JOSEPH'S GREATEST TRIAL WAS THE WORD OF GOD!

by David Wilkerson
[May 19, 1931 - April 27, 2011]

"He sent a man before them, even Joseph, who was sold for a servant . . . until the time that his word came: the word of the Lord tried him" (Psalm 105:17, 19).

Joseph was tested and tried in many ways but his greatest trial was the word he had received! Consider everything Joseph endured: At only seventeen, he was stripped down and cast into a pit to starve to death. His cold-hearted brothers laughed at his pleas for mercy and sold him to Ishmaelite traders who took him by caravan to an Egyptian slave market and sold him as a common slave.

Yet Joseph's greatest trial wasn't his rejection by his brothers or even the human indignity of being made into a slave or being cast into prison. No—what confused and tried Joseph’s spirit was the clear word he had heard from God! God had revealed to Joseph through dreams that he would be given great authority that he would use for God's glory. His brothers would bow before him and he would be a great deliverer of many people.

I do not believe any of this was an ego trip for Joseph. His heart was so set on God that this word gave him a humble sense of destiny: "Lord, you have put your hand on me to have a part in your great, eternal plan.” Joseph was blessed just by knowing he would play an important role in bringing God's will to pass! But the circumstances in Joseph's life were just the opposite of what God had put in his heart. He was the servant—he had to bow! How could he believe that he would one day deliver multitudes when he was a slave himself?

He must have thought, "This doesn't make sense. How could God be ordering mysteps into prison, into oblivion? God said I was going to be blessed but he didn't tell me this was going to happen!" For ten years Joseph faithfully served in Potiphar's house but in the end he was misjudged and lied about. His victory over temptation with Potiphar's wife only landed him in jail. During such times he must have pondered the awful questions: "Did I hear correctly? Did my pride invent these dreams?
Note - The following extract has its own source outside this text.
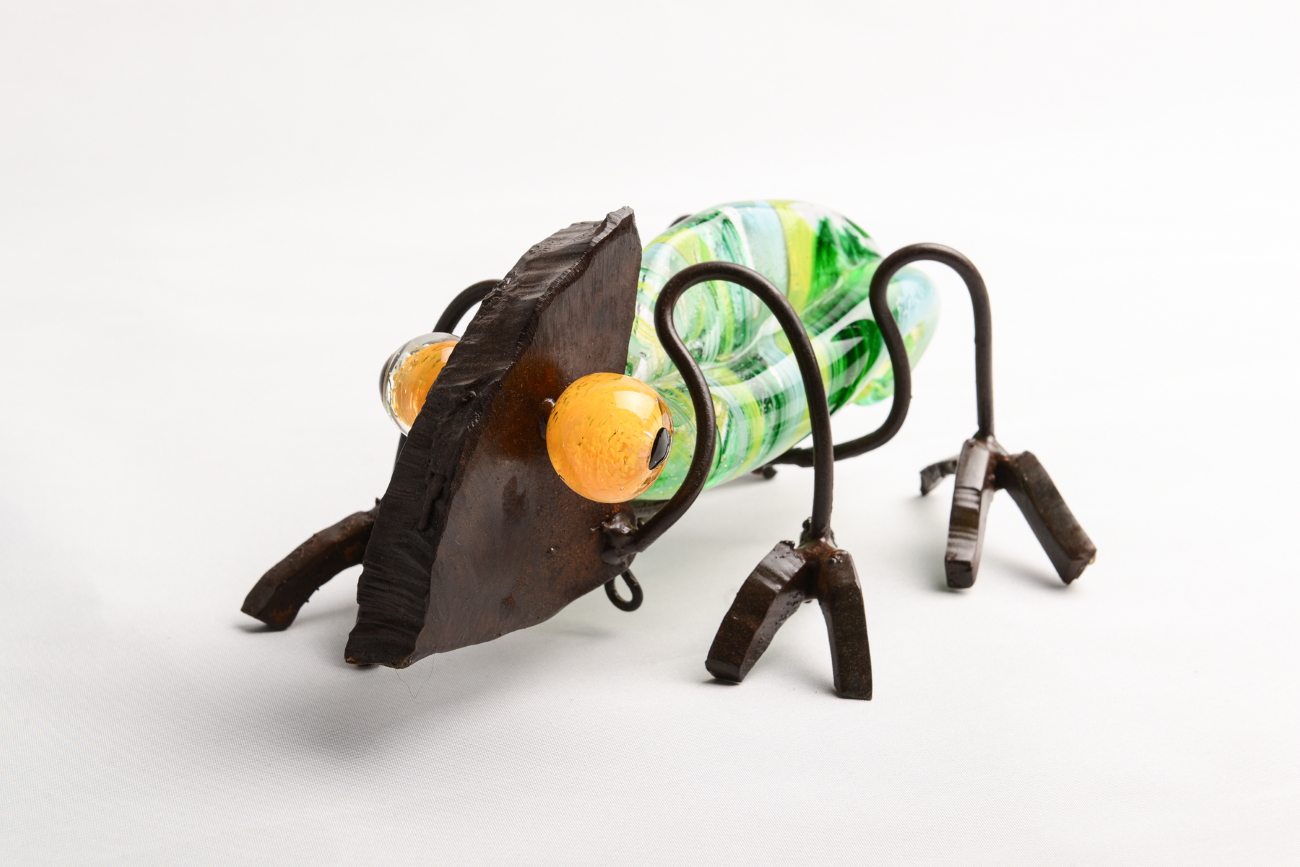 Camaleón 020102 Camaleon de hierro y vidrio soplado. 20x15cm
Could my brothers have been right? Maybe all these things are happening to me as discipline for some kind of selfish desire.”

Beloved, there have been times when God has shown me things he has wanted for me—ministry, service, usefulness—yet every circumstance was the very opposite of that word. At such times I thought, "Oh, God, this can't be you speaking; it must be my flesh," I was being tried by God's word to me but God has given us his promises and we can trust them, all of them!